WORKING DATA:
***
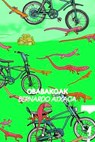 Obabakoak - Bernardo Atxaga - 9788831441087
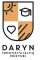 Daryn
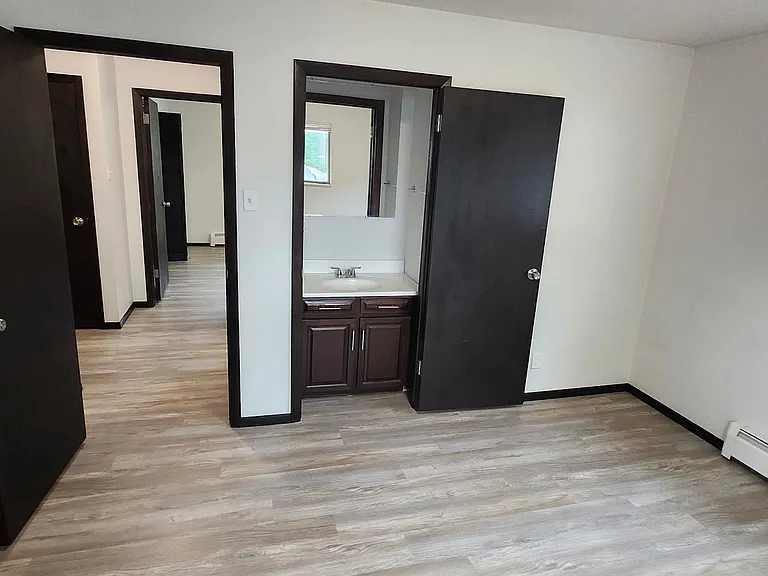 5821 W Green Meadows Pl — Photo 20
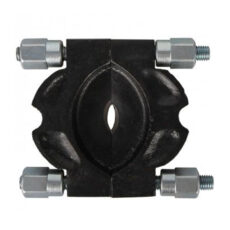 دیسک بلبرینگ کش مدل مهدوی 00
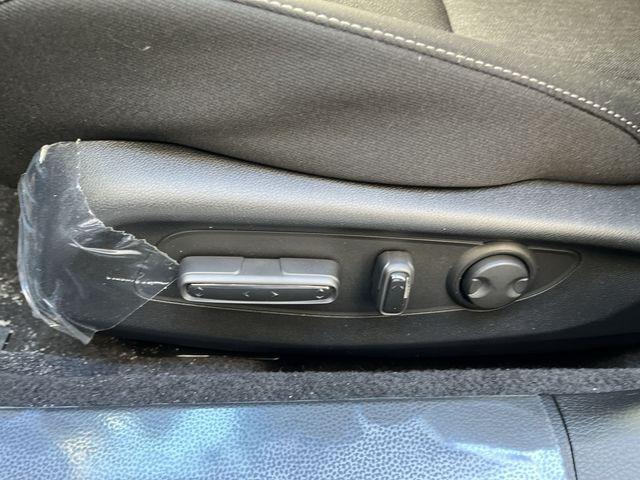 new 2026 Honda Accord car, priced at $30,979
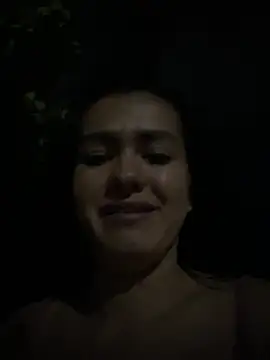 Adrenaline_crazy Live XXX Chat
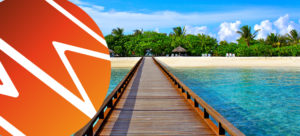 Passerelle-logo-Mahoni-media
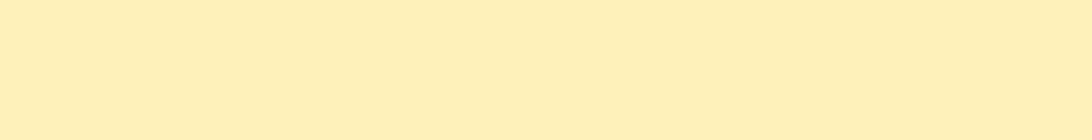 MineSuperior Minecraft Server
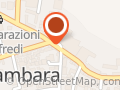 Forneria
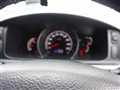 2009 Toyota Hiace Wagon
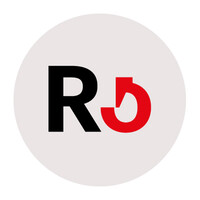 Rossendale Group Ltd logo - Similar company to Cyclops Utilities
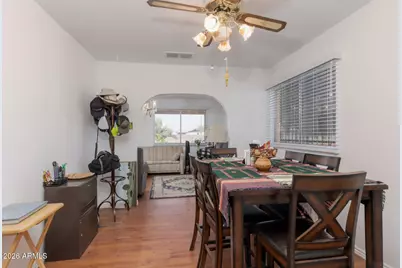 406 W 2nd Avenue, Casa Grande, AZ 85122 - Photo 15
***
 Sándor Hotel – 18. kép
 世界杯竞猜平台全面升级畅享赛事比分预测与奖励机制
***
BRIEF:
Above are some records. Reproduce the lines from the one with "Obabakoak - Bernardo Atxaga - 9788831441087" down to the one with "406 W 2nd Avenue, Casa", keeping both, and leave every picture out.

ANSWER BOX:
 Obabakoak - Bernardo Atxaga - 9788831441087
 Daryn
 5821 W Green Meadows Pl — Photo 20
 دیسک بلبرینگ کش مدل مهدوی 00
 new 2026 Honda Accord car, priced at $30,979
 Adrenaline_crazy Live XXX Chat
 Passerelle-logo-Mahoni-media
 MineSuperior Minecraft Server
 Forneria
 2009 Toyota Hiace Wagon
 Rossendale Group Ltd logo - Similar company to Cyclops Utilities
 406 W 2nd Avenue, Casa Grande, AZ 85122 - Photo 15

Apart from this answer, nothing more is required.